Docs reference sanity checks (broken links/path refs):
Backend: scripts/check_docs_references.py (wired into Makefile)
Frontend: frontend/scripts/check-doc-references.mjs (wired into frontend/package.json)
Datasets: https://github.com/jerdaw/healtharchive-datasets/blob/main/scripts/check_docs_references.py (wired into Makefile)
Standardized templates:
docs/_templates/runbook-template.md
docs/_templates/playbook-template.md
Decision records mechanism:
docs/decisions/README.md
docs/_templates/decision-template.md
Clearer doc taxonomy, quality bar, and lifecycle guidance:
docs/documentation-guidelines.md
Public changelog SOP (source of truth, format, localization rules):
https://github.com/jerdaw/healtharchive/blob/main/frontend/docs/changelog-process.md
Stronger “incident → public-safe note” expectation (optional but recommended for sev0/sev1):
docs/operations/incidents/README.md
docs/_templates/incident-template.md
docs/operations/incidents/severity.md
docs/operations/ops-cadence-checklist.md
Process nudges in PR templates:
.github/pull_request_template.md

Recommendations (next steps)

P0 (high value, low effort)

Decide an explicit public incident disclosure posture:
Option A: always add a public-safe /changelog entry for sev0/sev1 incidents.
Option B: only add a public-safe entry when it changes user expectations (outage, integrity risk, policy change).
Make doc maintenance part of normal ops:
During the quarterly cadence, skim the production runbook + incident response playbook and fix drift discovered during real operations.

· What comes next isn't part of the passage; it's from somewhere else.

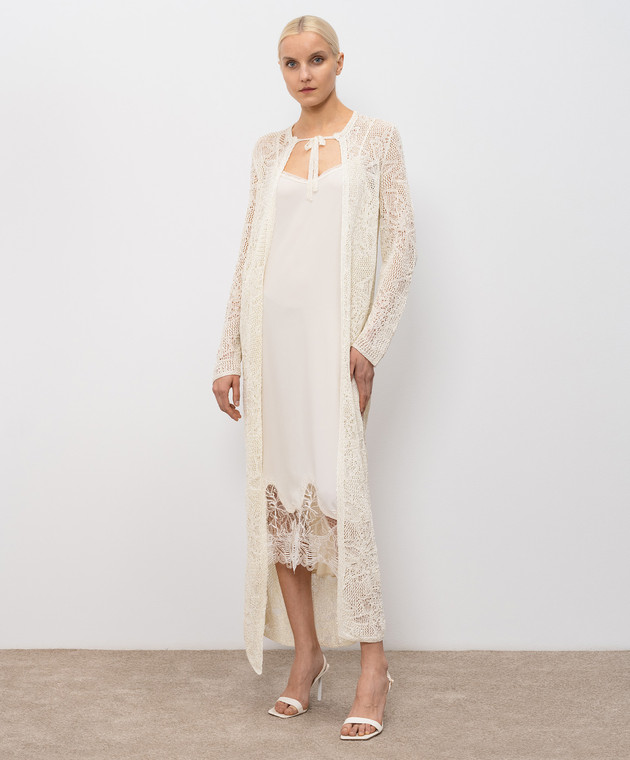 Fabiana Filippi Ажурний подовжений кардиган кольору айворі з паєтками MAD276F507D864 зображення 3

P1 (medium value, moderate effort)

(Implemented) Docs link/path sanity checks + decision records are now in place.

P2 (later / if team grows)

If/when there are multiple regular committers:
switch to PR-only merges (branch protection required checks),
introduce CODEOWNERS for high-risk areas (deployment/ops/policy pages),
require review for public-policy copy changes.

“Top notch” principles to keep

Prefer stable, scripted entrypoints over fragile shell snippets.
Keep internal docs public-safe by default (assume they may be shared).
Separate “what exists and how to operate it” from “how we got here” (planning/implemented plans).
Treat verification as first-class: every operational procedure should define what “done” means.